特許文献2の技術では、皮膚に対して温和な作用であるが、傷んだ毛髪に対して、なめらかさ、柔軟性、滑り性、およびしっとり感を付与する効果が満足できるものではなかった。
【0007】
4級アンモニウム塩とシリコーン油等とを配合する技術では、シリコーン油の配合量によっては剤型を不安定にするため、シリコーン油の配合量に制約がある場合があった。また、4級アンモニウム塩を使用しているため、皮膚刺激があった。
【0008】
このようなことから、本発明は、傷んだ毛髪に対しても、柔軟性、滑らかさ、滑り性およびしっとり感を付与でき、かつ、皮膚刺激が低い毛髪化粧料を提供することを課題とする。
【課題を解決するための手段】
【0009】
本発明者は上記課題を解決すべく鋭意検討した。その結果、以下の構成を有する毛髪化粧料は上記課題を解決できることを見出し、本発明を完成するに至った。
本発明は、例えば、以下の[1]~[6]である。
【0010】
[1]ブラシカアミドプロピルジメチルアミン(A)を0.5~4質量%と、25℃でペースト状の油剤(B)を0.1~4質量%と、無機酸および炭素数1~5の有機酸からなる群より選択される少なくとも1種の酸(C)を0.01~2質量%とを含む、毛髪化粧料。

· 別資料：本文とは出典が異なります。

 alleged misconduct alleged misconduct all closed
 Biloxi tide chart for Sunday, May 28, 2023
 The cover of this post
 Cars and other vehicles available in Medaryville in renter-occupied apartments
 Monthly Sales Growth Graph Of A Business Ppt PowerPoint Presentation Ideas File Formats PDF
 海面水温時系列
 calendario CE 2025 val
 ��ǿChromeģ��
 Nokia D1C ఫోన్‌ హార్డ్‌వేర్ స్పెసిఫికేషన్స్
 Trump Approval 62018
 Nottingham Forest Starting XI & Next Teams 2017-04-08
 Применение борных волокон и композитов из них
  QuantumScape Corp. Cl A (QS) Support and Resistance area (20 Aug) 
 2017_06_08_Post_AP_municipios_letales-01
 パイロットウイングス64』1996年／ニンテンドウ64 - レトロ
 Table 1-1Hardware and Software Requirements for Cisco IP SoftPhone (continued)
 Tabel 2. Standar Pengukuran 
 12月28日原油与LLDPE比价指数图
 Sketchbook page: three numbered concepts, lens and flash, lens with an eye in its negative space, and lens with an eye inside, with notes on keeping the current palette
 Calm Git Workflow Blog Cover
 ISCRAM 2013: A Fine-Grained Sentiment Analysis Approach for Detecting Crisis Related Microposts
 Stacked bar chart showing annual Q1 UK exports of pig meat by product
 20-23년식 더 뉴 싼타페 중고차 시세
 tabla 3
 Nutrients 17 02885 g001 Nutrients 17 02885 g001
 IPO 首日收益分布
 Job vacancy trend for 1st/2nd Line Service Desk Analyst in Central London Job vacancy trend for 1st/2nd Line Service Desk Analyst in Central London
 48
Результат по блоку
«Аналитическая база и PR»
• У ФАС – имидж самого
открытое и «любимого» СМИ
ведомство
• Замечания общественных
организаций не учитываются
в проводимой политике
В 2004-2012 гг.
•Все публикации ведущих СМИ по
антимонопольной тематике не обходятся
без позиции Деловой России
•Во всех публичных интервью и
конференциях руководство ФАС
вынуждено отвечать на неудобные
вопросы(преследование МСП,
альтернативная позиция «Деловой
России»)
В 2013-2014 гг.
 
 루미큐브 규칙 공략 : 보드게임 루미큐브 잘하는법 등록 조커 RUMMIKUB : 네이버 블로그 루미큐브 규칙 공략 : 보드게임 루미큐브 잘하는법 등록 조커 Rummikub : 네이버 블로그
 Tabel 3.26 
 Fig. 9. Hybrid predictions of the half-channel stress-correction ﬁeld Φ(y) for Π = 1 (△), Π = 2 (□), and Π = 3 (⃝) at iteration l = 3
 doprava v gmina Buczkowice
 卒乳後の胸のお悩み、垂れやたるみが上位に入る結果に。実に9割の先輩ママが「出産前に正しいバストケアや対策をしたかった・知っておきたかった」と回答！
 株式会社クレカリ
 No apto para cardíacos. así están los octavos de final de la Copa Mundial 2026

[2]高級アルコール(D)を0.1~15質量%含む、[1]に記載の毛髪化粧料。
[3]前記高級アルコール(D)が、炭素数14~22の直鎖アルキル基を有する高級アルコールである、[2]に記載の毛髪化粧料。
[4]前記25℃でペースト状の油剤(B)が、エステル類である、[1]~[3]のいずれかに記載の毛髪化粧料。
[5]前記酸(C)が、リン酸、乳酸、およびリンゴ酸からなる群より選択される少なくとも1種である、[1]~[4]のいずれかに記載の毛髪化粧料。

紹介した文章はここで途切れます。